On the eve of the 13th anniversary of the Sept. 11 attacks, concerns are on the rise about an attack by ISIS militants on U.S. soil. Obama said on Wednesday that "we have not yet detected specific plotting against the U.S. homeland," but that he is reacting to threats to the U.S. and its allies. He also brought up the danger posed by the return of Europeans and Americans who are fighting alongside ISIS in Iraq and Syria, a concern that has prompted some lawmakers to call for the revocation of those Americans' passports.
The U.S. will also increase its support of Syrian rebels fighting ISIS in that country, providing training, arms, and equipment. The U.S. will work with a number of nations, Obama said, which could provide air strike campaigns of their own, as well as training, arms, intelligence and humanitarian assistance.
The president said that the American offensive against ISIS will be modeled after military operations in Yemen and Somalia, where the U.S. has for years maintained a campaign of drone strikes against terrorists in cooperation with local intelligence services. Most recently, an airstrike in Somalia killed Ahmed Godane, the founder of an al-Qaida offshoot known as al-Shabaab.
Obama will work with Congress "as a partner" in planning the U.S. campaign against ISIS, a senior White House official said before Wednesday evening's speech. Three of the four top congressional leaders kept their silence on the subject of the new campaign ahead of Obama's address, with only Senate Minority Leader Mitch McConnell calling for the president to seek congressional approval "whatever he decides to do."
Congressional responses to Obama's speech quickly rolled in Wednesday night. "Now that a strategy has been outlined, it is critical that Congress and the American people come together in solidarity to support the president and our armed forces," Sen. Dianne Feinstein, D-Calif., said in a statement.
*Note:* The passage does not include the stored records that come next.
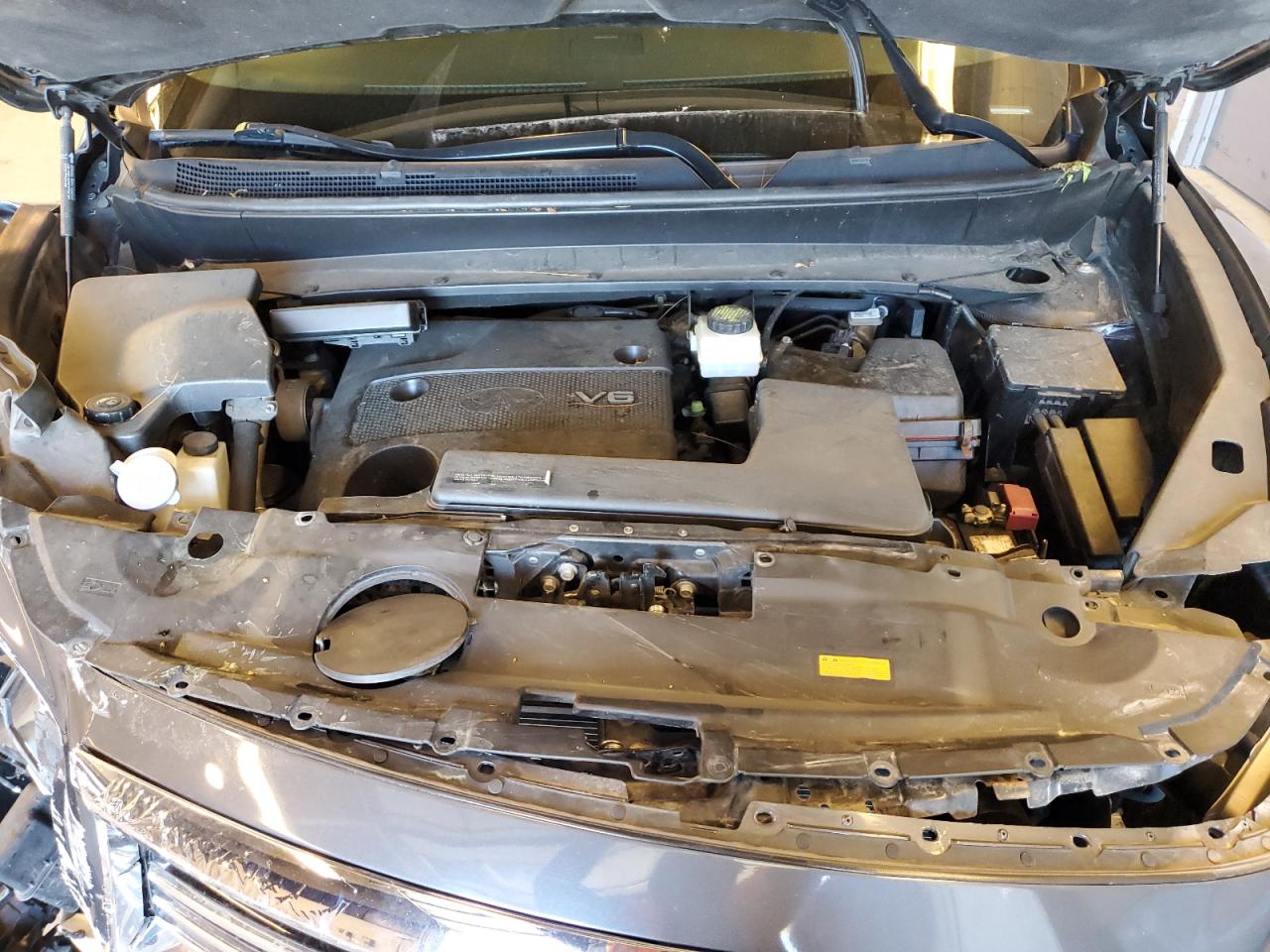 5N1AL0MM1DC319870 2013 Infiniti Jx35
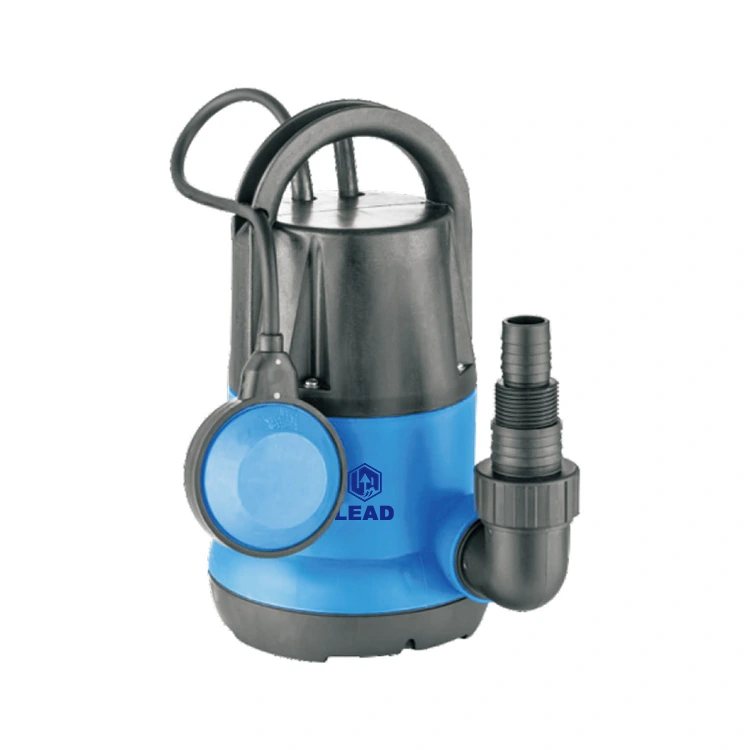 Pompe à eau submersible en plastique pour l'eau propre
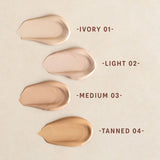 lavera Radiant Skin Concealer -Light 02- during application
In an interview with CNN's newest political correspondent, former White House press secretary Jay Carney, Sen. John McCain, R.-Ariz., pushed back against the president's characterization of the situation in Iraq and Syria. "The fact he didn't leave a residual force in Iraq is the reason we're facing ISIS today," McCain said. "To say that America is safer, and that the situation is very much like Yemen and Somalia shows me that the president really doesn't have a grasp for how serious the threat of ISIS is."